**Brief**
Every entry below is to be copied exactly, with nothing left out.

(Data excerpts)

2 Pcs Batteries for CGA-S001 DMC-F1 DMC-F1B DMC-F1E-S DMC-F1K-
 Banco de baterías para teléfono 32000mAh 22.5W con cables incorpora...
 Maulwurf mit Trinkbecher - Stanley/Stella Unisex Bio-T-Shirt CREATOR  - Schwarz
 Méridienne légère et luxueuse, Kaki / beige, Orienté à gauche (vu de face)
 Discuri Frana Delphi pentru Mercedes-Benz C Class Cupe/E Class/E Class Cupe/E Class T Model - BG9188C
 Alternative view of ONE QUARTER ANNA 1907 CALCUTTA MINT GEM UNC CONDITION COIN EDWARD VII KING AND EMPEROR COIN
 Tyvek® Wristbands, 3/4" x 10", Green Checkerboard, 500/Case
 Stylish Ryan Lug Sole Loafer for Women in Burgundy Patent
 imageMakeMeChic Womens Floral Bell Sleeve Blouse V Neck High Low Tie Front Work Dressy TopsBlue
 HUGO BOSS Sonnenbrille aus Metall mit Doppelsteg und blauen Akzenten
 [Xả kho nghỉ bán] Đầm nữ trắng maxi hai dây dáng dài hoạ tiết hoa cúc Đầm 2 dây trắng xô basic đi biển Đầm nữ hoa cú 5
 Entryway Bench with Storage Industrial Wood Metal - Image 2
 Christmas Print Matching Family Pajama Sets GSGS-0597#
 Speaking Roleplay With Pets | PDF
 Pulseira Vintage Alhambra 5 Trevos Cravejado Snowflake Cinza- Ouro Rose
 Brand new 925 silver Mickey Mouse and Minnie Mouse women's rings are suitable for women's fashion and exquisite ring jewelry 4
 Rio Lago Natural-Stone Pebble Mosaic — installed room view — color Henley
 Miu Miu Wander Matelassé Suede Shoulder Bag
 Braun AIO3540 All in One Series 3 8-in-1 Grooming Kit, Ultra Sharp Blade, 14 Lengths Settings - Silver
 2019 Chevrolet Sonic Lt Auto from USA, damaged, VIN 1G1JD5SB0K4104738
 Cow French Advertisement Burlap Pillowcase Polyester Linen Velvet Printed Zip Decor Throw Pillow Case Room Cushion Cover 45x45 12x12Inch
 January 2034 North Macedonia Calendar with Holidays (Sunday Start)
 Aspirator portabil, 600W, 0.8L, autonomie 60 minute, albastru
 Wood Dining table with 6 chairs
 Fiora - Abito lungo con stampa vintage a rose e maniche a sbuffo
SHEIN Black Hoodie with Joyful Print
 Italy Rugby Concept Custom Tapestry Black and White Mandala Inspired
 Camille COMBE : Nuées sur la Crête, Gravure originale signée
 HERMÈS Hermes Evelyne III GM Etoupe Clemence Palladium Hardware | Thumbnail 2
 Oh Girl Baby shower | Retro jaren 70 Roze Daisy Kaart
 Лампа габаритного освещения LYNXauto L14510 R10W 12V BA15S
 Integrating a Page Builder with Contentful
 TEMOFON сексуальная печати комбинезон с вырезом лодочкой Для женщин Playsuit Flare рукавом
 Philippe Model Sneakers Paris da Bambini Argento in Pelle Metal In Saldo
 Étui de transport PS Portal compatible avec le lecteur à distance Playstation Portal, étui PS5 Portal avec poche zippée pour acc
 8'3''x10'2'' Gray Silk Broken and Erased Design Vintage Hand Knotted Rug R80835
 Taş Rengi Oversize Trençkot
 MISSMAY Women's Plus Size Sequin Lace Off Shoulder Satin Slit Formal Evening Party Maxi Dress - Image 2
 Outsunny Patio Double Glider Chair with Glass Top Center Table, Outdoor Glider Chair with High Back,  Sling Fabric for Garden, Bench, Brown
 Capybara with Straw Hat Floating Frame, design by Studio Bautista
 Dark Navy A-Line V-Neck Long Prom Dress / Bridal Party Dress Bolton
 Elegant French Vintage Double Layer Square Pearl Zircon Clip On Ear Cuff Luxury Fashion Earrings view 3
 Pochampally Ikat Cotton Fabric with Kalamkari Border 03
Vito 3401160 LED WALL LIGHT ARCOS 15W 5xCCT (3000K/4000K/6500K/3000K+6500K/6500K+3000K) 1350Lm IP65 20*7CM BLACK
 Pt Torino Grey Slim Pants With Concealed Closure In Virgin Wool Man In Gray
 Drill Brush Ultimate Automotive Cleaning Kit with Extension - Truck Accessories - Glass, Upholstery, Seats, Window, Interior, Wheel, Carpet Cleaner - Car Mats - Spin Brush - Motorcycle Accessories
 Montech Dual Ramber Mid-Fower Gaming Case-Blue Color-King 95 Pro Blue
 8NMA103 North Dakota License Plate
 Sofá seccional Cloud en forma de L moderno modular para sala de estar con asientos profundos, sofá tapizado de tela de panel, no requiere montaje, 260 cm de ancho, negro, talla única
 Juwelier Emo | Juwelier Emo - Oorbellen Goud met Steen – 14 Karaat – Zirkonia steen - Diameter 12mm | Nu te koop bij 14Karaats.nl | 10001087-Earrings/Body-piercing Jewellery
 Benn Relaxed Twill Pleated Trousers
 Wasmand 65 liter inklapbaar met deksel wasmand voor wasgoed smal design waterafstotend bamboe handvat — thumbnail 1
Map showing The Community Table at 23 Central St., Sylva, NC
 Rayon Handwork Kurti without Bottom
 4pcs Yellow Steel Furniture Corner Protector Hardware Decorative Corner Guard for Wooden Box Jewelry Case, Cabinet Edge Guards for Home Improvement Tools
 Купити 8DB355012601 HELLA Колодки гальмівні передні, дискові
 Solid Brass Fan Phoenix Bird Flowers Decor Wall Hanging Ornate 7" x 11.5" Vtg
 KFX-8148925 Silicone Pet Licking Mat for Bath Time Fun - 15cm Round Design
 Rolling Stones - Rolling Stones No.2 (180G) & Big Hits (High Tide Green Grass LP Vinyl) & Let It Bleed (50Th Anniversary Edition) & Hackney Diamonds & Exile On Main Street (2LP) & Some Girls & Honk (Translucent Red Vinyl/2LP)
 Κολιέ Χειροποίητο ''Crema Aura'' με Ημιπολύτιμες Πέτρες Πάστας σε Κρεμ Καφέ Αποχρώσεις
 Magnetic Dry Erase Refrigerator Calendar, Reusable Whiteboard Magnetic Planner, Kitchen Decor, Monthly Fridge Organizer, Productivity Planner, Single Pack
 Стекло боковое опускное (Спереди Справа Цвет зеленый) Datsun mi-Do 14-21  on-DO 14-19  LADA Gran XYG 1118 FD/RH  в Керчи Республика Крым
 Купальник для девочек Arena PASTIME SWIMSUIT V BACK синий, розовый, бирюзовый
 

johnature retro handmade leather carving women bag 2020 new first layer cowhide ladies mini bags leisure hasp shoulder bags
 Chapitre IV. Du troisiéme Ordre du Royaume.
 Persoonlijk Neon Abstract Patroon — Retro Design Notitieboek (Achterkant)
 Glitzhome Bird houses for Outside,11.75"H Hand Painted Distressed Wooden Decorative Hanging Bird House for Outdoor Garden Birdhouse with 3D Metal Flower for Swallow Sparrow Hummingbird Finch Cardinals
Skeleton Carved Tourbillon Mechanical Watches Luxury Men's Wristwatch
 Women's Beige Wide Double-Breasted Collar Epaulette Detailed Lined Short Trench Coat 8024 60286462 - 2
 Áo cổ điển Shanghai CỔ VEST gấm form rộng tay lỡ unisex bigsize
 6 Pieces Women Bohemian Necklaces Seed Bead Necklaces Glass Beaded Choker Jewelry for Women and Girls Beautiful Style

**Task output**
2 Pcs Batteries for CGA-S001 DMC-F1 DMC-F1B DMC-F1E-S DMC-F1K-
 Banco de baterías para teléfono 32000mAh 22.5W con cables incorpora...
 Maulwurf mit Trinkbecher - Stanley/Stella Unisex Bio-T-Shirt CREATOR  - Schwarz
 Méridienne légère et luxueuse, Kaki / beige, Orienté à gauche (vu de face)
 Discuri Frana Delphi pentru Mercedes-Benz C Class Cupe/E Class/E Class Cupe/E Class T Model - BG9188C
 Alternative view of ONE QUARTER ANNA 1907 CALCUTTA MINT GEM UNC CONDITION COIN EDWARD VII KING AND EMPEROR COIN
 Tyvek® Wristbands, 3/4" x 10", Green Checkerboard, 500/Case
 Stylish Ryan Lug Sole Loafer for Women in Burgundy Patent
 imageMakeMeChic Womens Floral Bell Sleeve Blouse V Neck High Low Tie Front Work Dressy TopsBlue
 HUGO BOSS Sonnenbrille aus Metall mit Doppelsteg und blauen Akzenten
 [Xả kho nghỉ bán] Đầm nữ trắng maxi hai dây dáng dài hoạ tiết hoa cúc Đầm 2 dây trắng xô basic đi biển Đầm nữ hoa cú 5
 Entryway Bench with Storage Industrial Wood Metal - Image 2
 Christmas Print Matching Family Pajama Sets GSGS-0597#
 Speaking Roleplay With Pets | PDF
 Pulseira Vintage Alhambra 5 Trevos Cravejado Snowflake Cinza- Ouro Rose
 Brand new 925 silver Mickey Mouse and Minnie Mouse women's rings are suitable for women's fashion and exquisite ring jewelry 4
 Rio Lago Natural-Stone Pebble Mosaic — installed room view — color Henley
 Miu Miu Wander Matelassé Suede Shoulder Bag
 Braun AIO3540 All in One Series 3 8-in-1 Grooming Kit, Ultra Sharp Blade, 14 Lengths Settings - Silver
 2019 Chevrolet Sonic Lt Auto from USA, damaged, VIN 1G1JD5SB0K4104738
 Cow French Advertisement Burlap Pillowcase Polyester Linen Velvet Printed Zip Decor Throw Pillow Case Room Cushion Cover 45x45 12x12Inch
 January 2034 North Macedonia Calendar with Holidays (Sunday Start)
 Aspirator portabil, 600W, 0.8L, autonomie 60 minute, albastru
 Wood Dining table with 6 chairs
 Fiora - Abito lungo con stampa vintage a rose e maniche a sbuffo
SHEIN Black Hoodie with Joyful Print
 Italy Rugby Concept Custom Tapestry Black and White Mandala Inspired
 Camille COMBE : Nuées sur la Crête, Gravure originale signée
 HERMÈS Hermes Evelyne III GM Etoupe Clemence Palladium Hardware | Thumbnail 2
 Oh Girl Baby shower | Retro jaren 70 Roze Daisy Kaart
 Лампа габаритного освещения LYNXauto L14510 R10W 12V BA15S
 Integrating a Page Builder with Contentful
 TEMOFON сексуальная печати комбинезон с вырезом лодочкой Для женщин Playsuit Flare рукавом
 Philippe Model Sneakers Paris da Bambini Argento in Pelle Metal In Saldo
 Étui de transport PS Portal compatible avec le lecteur à distance Playstation Portal, étui PS5 Portal avec poche zippée pour acc
 8'3''x10'2'' Gray Silk Broken and Erased Design Vintage Hand Knotted Rug R80835
 Taş Rengi Oversize Trençkot
 MISSMAY Women's Plus Size Sequin Lace Off Shoulder Satin Slit Formal Evening Party Maxi Dress - Image 2
 Outsunny Patio Double Glider Chair with Glass Top Center Table, Outdoor Glider Chair with High Back,  Sling Fabric for Garden, Bench, Brown
 Capybara with Straw Hat Floating Frame, design by Studio Bautista
 Dark Navy A-Line V-Neck Long Prom Dress / Bridal Party Dress Bolton
 Elegant French Vintage Double Layer Square Pearl Zircon Clip On Ear Cuff Luxury Fashion Earrings view 3
 Pochampally Ikat Cotton Fabric with Kalamkari Border 03
Vito 3401160 LED WALL LIGHT ARCOS 15W 5xCCT (3000K/4000K/6500K/3000K+6500K/6500K+3000K) 1350Lm IP65 20*7CM BLACK
 Pt Torino Grey Slim Pants With Concealed Closure In Virgin Wool Man In Gray
 Drill Brush Ultimate Automotive Cleaning Kit with Extension - Truck Accessories - Glass, Upholstery, Seats, Window, Interior, Wheel, Carpet Cleaner - Car Mats - Spin Brush - Motorcycle Accessories
 Montech Dual Ramber Mid-Fower Gaming Case-Blue Color-King 95 Pro Blue
 8NMA103 North Dakota License Plate
 Sofá seccional Cloud en forma de L moderno modular para sala de estar con asientos profundos, sofá tapizado de tela de panel, no requiere montaje, 260 cm de ancho, negro, talla única
 Juwelier Emo | Juwelier Emo - Oorbellen Goud met Steen – 14 Karaat – Zirkonia steen - Diameter 12mm | Nu te koop bij 14Karaats.nl | 10001087-Earrings/Body-piercing Jewellery
 Benn Relaxed Twill Pleated Trousers
 Wasmand 65 liter inklapbaar met deksel wasmand voor wasgoed smal design waterafstotend bamboe handvat — thumbnail 1
Map showing The Community Table at 23 Central St., Sylva, NC
 Rayon Handwork Kurti without Bottom
 4pcs Yellow Steel Furniture Corner Protector Hardware Decorative Corner Guard for Wooden Box Jewelry Case, Cabinet Edge Guards for Home Improvement Tools
 Купити 8DB355012601 HELLA Колодки гальмівні передні, дискові
 Solid Brass Fan Phoenix Bird Flowers Decor Wall Hanging Ornate 7" x 11.5" Vtg
 KFX-8148925 Silicone Pet Licking Mat for Bath Time Fun - 15cm Round Design
 Rolling Stones - Rolling Stones No.2 (180G) & Big Hits (High Tide Green Grass LP Vinyl) & Let It Bleed (50Th Anniversary Edition) & Hackney Diamonds & Exile On Main Street (2LP) & Some Girls & Honk (Translucent Red Vinyl/2LP)
 Κολιέ Χειροποίητο ''Crema Aura'' με Ημιπολύτιμες Πέτρες Πάστας σε Κρεμ Καφέ Αποχρώσεις
 Magnetic Dry Erase Refrigerator Calendar, Reusable Whiteboard Magnetic Planner, Kitchen Decor, Monthly Fridge Organizer, Productivity Planner, Single Pack
 Стекло боковое опускное (Спереди Справа Цвет зеленый) Datsun mi-Do 14-21  on-DO 14-19  LADA Gran XYG 1118 FD/RH  в Керчи Республика Крым
 Купальник для девочек Arena PASTIME SWIMSUIT V BACK синий, розовый, бирюзовый
 

johnature retro handmade leather carving women bag 2020 new first layer cowhide ladies mini bags leisure hasp shoulder bags
 Chapitre IV. Du troisiéme Ordre du Royaume.
 Persoonlijk Neon Abstract Patroon — Retro Design Notitieboek (Achterkant)
 Glitzhome Bird houses for Outside,11.75"H Hand Painted Distressed Wooden Decorative Hanging Bird House for Outdoor Garden Birdhouse with 3D Metal Flower for Swallow Sparrow Hummingbird Finch Cardinals
Skeleton Carved Tourbillon Mechanical Watches Luxury Men's Wristwatch
 Women's Beige Wide Double-Breasted Collar Epaulette Detailed Lined Short Trench Coat 8024 60286462 - 2
 Áo cổ điển Shanghai CỔ VEST gấm form rộng tay lỡ unisex bigsize
 6 Pieces Women Bohemian Necklaces Seed Bead Necklaces Glass Beaded Choker Jewelry for Women and Girls Beautiful Style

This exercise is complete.